EXERCISE DETAILS
Start with the first line of the records below. Output each line exactly, ending with the one that contains "Чохол на Oppo A17 Equipment ver.1 фото 1 з 1".

EXERCISE MATERIALS
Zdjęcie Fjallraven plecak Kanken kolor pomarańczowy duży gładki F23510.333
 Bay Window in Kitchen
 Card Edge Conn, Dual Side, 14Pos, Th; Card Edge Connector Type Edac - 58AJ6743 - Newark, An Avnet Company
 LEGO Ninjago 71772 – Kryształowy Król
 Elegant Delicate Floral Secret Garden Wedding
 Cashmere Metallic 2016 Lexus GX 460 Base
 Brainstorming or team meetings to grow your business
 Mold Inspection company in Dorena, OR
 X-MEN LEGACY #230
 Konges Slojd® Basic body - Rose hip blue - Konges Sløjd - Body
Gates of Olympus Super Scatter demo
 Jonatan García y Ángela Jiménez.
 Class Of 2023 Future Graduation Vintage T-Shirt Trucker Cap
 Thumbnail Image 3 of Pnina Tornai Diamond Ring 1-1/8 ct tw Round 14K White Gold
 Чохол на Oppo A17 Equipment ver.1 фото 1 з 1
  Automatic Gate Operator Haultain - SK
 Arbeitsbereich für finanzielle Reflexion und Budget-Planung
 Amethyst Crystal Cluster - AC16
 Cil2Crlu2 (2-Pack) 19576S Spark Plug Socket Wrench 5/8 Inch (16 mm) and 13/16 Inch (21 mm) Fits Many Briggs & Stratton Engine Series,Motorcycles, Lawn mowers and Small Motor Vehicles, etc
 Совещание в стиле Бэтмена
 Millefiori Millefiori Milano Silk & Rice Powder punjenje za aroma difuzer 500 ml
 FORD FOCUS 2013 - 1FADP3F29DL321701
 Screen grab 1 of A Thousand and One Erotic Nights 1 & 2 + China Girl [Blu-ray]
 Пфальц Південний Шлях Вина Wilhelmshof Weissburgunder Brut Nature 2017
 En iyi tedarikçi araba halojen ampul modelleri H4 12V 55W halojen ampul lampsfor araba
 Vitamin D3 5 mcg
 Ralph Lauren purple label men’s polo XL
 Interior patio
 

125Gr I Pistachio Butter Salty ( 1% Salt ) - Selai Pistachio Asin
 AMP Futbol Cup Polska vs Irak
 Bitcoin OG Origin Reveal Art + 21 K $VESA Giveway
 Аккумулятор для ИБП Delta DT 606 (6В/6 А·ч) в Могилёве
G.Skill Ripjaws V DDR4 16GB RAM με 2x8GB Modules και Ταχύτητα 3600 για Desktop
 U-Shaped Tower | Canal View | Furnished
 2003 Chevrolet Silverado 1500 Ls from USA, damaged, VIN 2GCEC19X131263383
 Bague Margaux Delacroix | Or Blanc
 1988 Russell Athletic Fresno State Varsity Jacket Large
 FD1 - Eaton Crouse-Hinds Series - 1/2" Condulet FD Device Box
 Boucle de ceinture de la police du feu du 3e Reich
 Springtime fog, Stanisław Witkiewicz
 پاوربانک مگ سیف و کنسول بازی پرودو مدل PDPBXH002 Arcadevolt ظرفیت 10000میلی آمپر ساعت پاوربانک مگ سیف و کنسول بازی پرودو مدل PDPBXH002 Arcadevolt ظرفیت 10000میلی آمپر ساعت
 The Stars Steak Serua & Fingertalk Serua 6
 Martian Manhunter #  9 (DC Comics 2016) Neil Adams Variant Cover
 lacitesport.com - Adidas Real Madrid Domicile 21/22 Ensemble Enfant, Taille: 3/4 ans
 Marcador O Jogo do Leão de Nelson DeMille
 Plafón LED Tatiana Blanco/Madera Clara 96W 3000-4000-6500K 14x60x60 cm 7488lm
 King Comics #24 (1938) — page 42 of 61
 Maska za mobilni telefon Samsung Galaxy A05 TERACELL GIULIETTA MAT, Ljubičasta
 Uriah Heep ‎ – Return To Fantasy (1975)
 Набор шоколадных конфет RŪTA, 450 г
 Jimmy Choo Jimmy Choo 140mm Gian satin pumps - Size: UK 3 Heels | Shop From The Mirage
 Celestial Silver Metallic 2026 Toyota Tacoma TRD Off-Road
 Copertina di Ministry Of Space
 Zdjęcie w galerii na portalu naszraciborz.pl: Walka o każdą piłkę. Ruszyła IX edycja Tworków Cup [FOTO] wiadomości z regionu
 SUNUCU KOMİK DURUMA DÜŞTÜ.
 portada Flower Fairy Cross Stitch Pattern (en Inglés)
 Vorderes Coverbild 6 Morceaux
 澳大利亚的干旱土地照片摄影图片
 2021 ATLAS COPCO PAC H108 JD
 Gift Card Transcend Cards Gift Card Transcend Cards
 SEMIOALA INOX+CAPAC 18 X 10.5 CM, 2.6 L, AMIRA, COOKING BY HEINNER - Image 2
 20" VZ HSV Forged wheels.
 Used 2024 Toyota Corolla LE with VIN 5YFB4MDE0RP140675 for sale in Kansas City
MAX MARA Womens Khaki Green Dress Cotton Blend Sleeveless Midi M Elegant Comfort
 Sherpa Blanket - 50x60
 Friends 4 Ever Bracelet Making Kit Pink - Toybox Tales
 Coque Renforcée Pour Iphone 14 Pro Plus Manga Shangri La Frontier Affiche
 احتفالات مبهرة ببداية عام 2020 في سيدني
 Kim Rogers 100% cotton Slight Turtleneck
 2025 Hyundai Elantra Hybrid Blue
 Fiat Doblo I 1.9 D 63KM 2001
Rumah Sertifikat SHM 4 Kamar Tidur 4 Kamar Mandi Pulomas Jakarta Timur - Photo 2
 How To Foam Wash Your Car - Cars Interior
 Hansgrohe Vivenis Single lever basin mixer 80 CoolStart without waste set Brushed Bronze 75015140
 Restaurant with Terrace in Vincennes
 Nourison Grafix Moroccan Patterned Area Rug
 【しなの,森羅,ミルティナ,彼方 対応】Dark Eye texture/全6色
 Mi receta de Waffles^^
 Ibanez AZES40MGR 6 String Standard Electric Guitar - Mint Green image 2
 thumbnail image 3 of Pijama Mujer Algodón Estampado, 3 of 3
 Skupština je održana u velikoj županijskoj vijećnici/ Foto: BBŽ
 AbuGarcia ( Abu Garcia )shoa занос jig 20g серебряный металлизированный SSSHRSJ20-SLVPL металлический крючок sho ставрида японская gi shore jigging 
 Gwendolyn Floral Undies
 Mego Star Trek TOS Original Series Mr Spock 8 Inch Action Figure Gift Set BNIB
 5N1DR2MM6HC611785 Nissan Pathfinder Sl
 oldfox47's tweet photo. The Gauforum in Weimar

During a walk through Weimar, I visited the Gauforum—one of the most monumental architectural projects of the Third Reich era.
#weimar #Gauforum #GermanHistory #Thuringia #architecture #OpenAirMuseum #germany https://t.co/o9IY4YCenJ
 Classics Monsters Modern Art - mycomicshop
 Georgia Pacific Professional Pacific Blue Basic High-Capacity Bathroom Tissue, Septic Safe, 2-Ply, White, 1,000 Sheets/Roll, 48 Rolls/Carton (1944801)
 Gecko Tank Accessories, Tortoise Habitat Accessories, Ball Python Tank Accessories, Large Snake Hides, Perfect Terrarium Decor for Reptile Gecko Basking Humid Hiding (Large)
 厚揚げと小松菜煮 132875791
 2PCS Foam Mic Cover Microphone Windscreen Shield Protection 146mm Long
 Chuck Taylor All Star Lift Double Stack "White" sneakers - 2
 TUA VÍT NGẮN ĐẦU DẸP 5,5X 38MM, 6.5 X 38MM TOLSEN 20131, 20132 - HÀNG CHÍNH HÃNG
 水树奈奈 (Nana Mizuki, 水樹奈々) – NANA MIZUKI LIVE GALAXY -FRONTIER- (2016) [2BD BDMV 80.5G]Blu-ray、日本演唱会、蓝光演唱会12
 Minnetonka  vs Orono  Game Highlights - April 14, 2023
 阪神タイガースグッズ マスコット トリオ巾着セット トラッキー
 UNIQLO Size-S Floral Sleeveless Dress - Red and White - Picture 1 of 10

ANSWER FOR THIS EXERCISE
Zdjęcie Fjallraven plecak Kanken kolor pomarańczowy duży gładki F23510.333
 Bay Window in Kitchen
 Card Edge Conn, Dual Side, 14Pos, Th; Card Edge Connector Type Edac - 58AJ6743 - Newark, An Avnet Company
 LEGO Ninjago 71772 – Kryształowy Król
 Elegant Delicate Floral Secret Garden Wedding
 Cashmere Metallic 2016 Lexus GX 460 Base
 Brainstorming or team meetings to grow your business
 Mold Inspection company in Dorena, OR
 X-MEN LEGACY #230
 Konges Slojd® Basic body - Rose hip blue - Konges Sløjd - Body
Gates of Olympus Super Scatter demo
 Jonatan García y Ángela Jiménez.
 Class Of 2023 Future Graduation Vintage T-Shirt Trucker Cap
 Thumbnail Image 3 of Pnina Tornai Diamond Ring 1-1/8 ct tw Round 14K White Gold
 Чохол на Oppo A17 Equipment ver.1 фото 1 з 1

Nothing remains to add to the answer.